I'm thinking that some of the businesses that switched to telecommuting won't be switching back.

I couldn't agree more, though that will only apply to people with white collar jobs that require no direct human interface.  I'm not sure how that plays long-term.

I am lucky enough to be one of those people. But many others are not.

I think it might be enough to relieve severe traffic jams for quite a few years, until population builds up or road repair falls behind.
Reply
#19
(04-17-2020, 11:40 AM)sbarrera Wrote:
(04-17-2020, 09:41 AM)David Horn Wrote:
(04-17-2020, 12:19 AM)Warren Dew Wrote:
(04-16-2020, 09:42 PM)beechnut79 Wrote: One of the bright spots is the vast decline in road traffic. I am in the Chicago area, which is one of the worst for said congestion. Is it even possible to return to even a small semblance of the previous normal without choking traffic up to 16 hours a day?

I'm thinking that some of the businesses that switched to telecommuting won't be switching back.
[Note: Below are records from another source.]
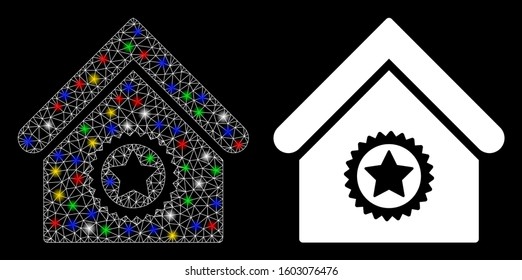 Glowing mesh excellent building icon with glare effect. Abstract illuminated model of excellent building. Shiny wire carcass polygonal mesh excellent building icon.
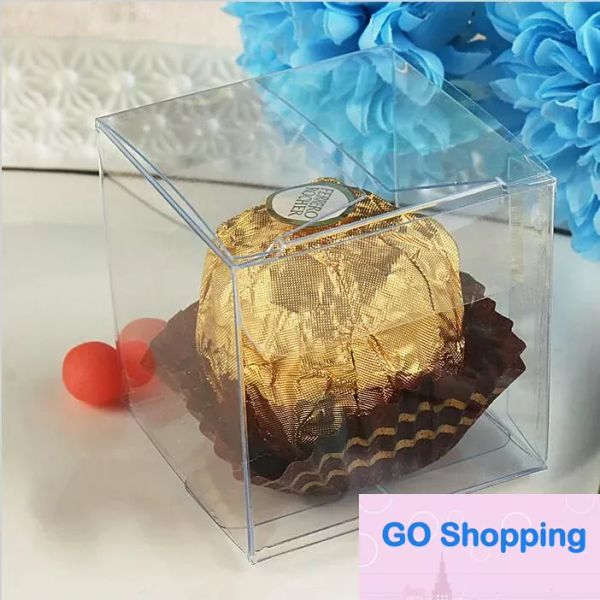 Boîtes de rangement en PVC, 50 pièces, emballage cadeau transparent, boîtes de rangement en PVC, support pour cadeaux d'anniversaire, réception-cadeau pour bébé, mariage, étui à gâteaux et bonbons de 8CM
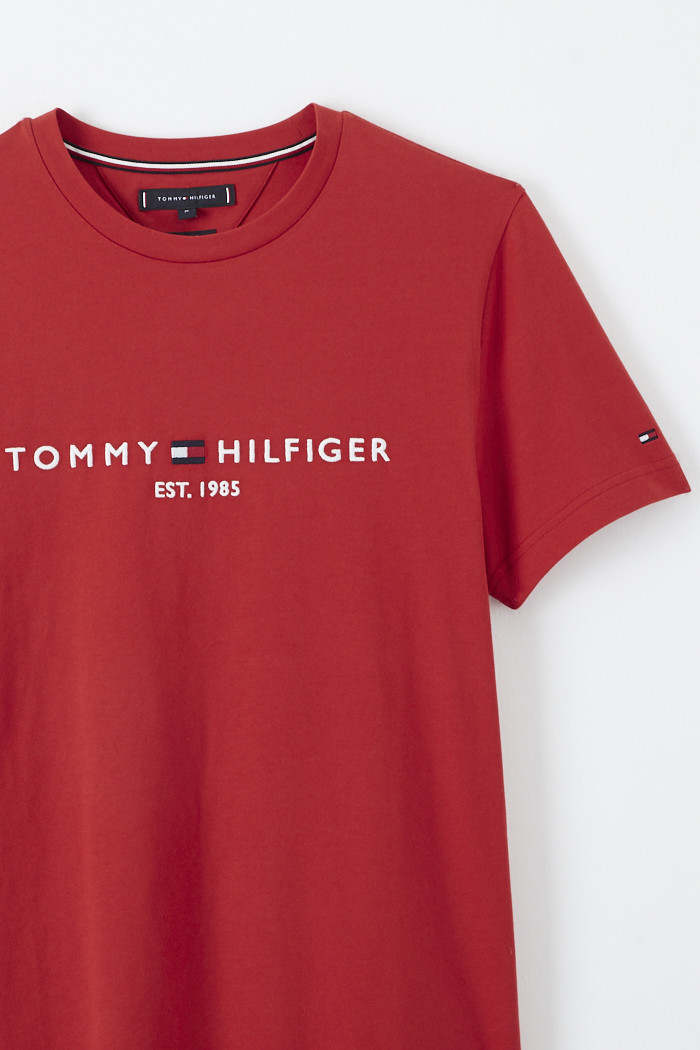 Sweat logo Tommy Hilfiger marine en coton bio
I couldn't agree more, though that will only apply to people with white collar jobs that require no direct human interface.  I'm not sure how that plays long-term.
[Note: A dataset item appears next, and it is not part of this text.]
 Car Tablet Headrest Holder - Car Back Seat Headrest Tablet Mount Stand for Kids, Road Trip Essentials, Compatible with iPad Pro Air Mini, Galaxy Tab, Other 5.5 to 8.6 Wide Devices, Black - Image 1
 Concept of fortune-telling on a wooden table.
I am lucky enough to be one of those people. But many others are not.

Such work as editing, writing, and proofreading can be done remotely. People could live in a Prescott, Arizona and do scriptwriting for Hollywood movie studios. People could examine claims in Fort Wayne for an insurance company in Fort Worth. OK, people who do such work remotely might be expected to rent office space or even a motel room separate from living quarters to avoid distractions (I would do so for well-paid writing work). Besides, one might make a 'paycation' out of such work especially if the work is at or near a beach scenic area, or cultural attraction.
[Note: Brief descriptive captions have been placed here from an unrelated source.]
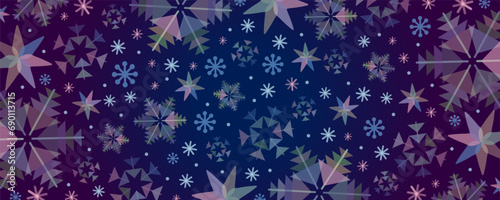 クリスマスに使える雪の結晶の青いベクター背景画像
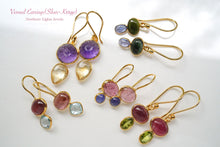 画像をギャラリービューアに読み込む, (No.27-35)宝石質 ジェムストーン ルース 銀製フレーム(K18gp) ピアス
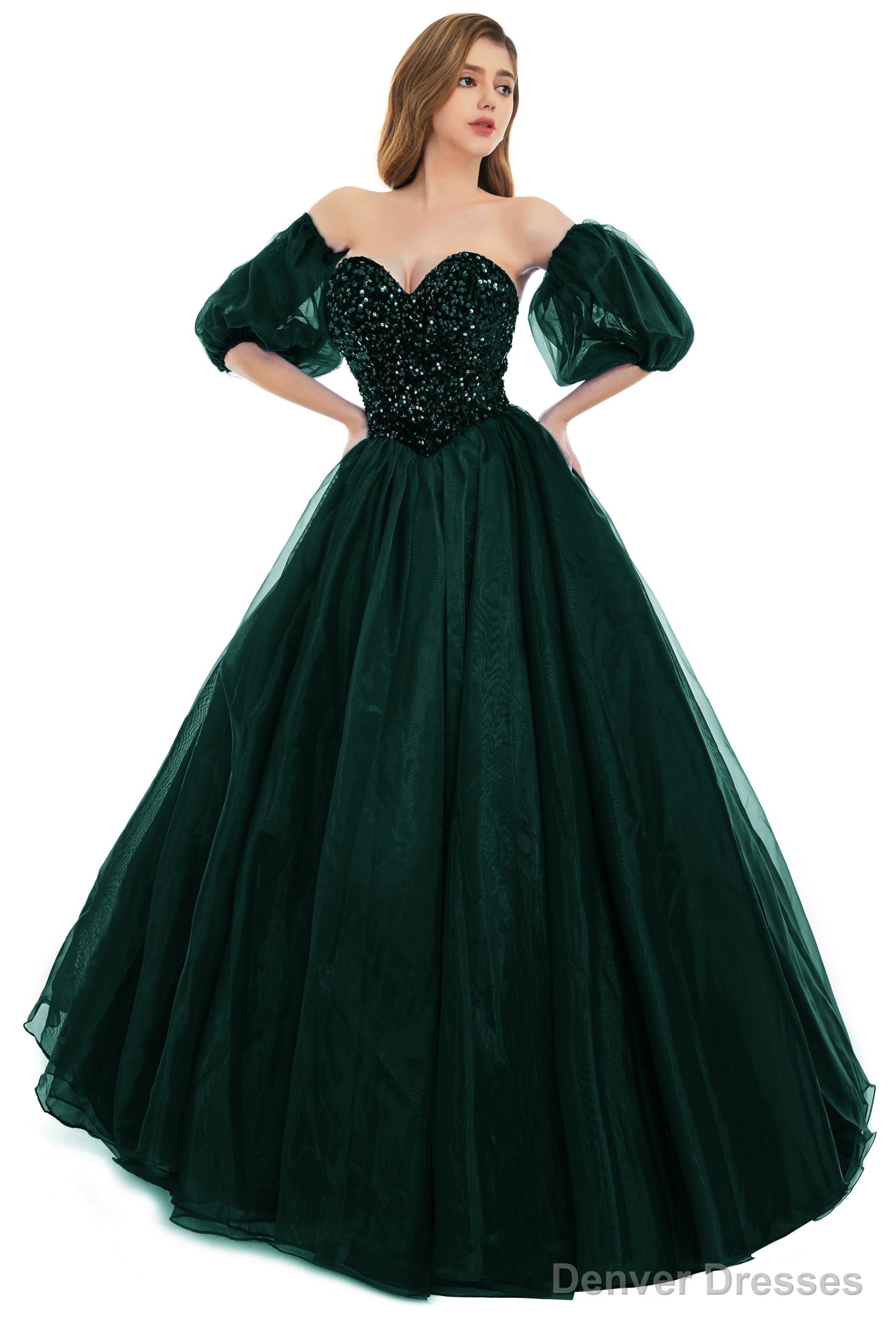 Green Tulle Sequins Sweetheart Prom Dresses Spaghetti Straps Evening Quinceanera Dresses Secondary image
I expect the reality of higher productivity and the near-satiation of basic needs to put an end to the 40-hour workweek. I also expect the bureaucratic cruelty associated with the loudest proponents of trickle-down economics to go out of vogue. Working while sick will be seen more as a risk to fellow workers than as a sign of personal loyalty.
The ideal subject of totalitarian rule is not the convinced Nazi or the dedicated Communist  but instead the people for whom the distinction between fact and fiction, true and false, no longer exists -- Hannah Arendt.


Reply
#20
I find the following scenario most likely:
The nationalist-populists will win the 4T in America, the UK and most of the continent. They will be backed by poorer, less educated people, while the more educated will retreat into their ivory towers after the Left fails to win elections. I think politics will calm down in the late 2020s because the Left loses its motivation. There might be islands of Inclusivism, like the Scandinavian countries, and possibly Scotland or California if they manage to become independent. Anyway, this will be a failed 1T because it won't be supported by the best hearts and minds of societies. Thus the 2T will be a "civic awakening". It will focus on political freedom and global citizenship, rather than on religion, art or free love.